What the exercise asks: Every line from the top of the material through the line holding "Beautiful Pretty Girl" should be copied exactly, and only those lines.
####
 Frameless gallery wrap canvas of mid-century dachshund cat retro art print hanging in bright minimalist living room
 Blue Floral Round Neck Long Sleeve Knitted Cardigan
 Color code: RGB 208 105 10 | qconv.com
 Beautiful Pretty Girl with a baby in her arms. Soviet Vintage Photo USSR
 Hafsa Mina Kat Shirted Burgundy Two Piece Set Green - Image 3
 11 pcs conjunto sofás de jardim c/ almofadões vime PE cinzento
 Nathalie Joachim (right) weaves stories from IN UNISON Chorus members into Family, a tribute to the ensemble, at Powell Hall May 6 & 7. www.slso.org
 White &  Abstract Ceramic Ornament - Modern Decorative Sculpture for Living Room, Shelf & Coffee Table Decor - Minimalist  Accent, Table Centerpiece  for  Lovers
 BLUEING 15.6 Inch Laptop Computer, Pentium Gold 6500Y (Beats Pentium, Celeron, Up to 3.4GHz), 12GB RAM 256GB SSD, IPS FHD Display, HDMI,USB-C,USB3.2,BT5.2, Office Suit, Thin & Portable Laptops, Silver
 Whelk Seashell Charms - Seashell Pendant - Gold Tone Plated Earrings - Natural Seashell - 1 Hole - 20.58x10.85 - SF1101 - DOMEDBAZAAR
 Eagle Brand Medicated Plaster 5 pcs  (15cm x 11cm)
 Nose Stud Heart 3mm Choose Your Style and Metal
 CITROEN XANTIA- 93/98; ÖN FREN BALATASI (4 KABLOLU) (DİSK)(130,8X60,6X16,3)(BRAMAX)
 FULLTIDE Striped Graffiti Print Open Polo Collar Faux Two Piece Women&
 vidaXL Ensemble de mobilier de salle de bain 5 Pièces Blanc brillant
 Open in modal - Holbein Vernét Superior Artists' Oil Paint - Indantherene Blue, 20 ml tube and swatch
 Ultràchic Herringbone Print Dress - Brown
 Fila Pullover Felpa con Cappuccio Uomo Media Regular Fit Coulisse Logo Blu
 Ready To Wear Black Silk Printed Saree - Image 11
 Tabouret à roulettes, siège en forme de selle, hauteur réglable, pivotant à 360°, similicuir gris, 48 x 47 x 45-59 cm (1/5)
####
Answer to the problem:
 Frameless gallery wrap canvas of mid-century dachshund cat retro art print hanging in bright minimalist living room
 Blue Floral Round Neck Long Sleeve Knitted Cardigan
 Color code: RGB 208 105 10 | qconv.com
 Beautiful Pretty Girl with a baby in her arms. Soviet Vintage Photo USSR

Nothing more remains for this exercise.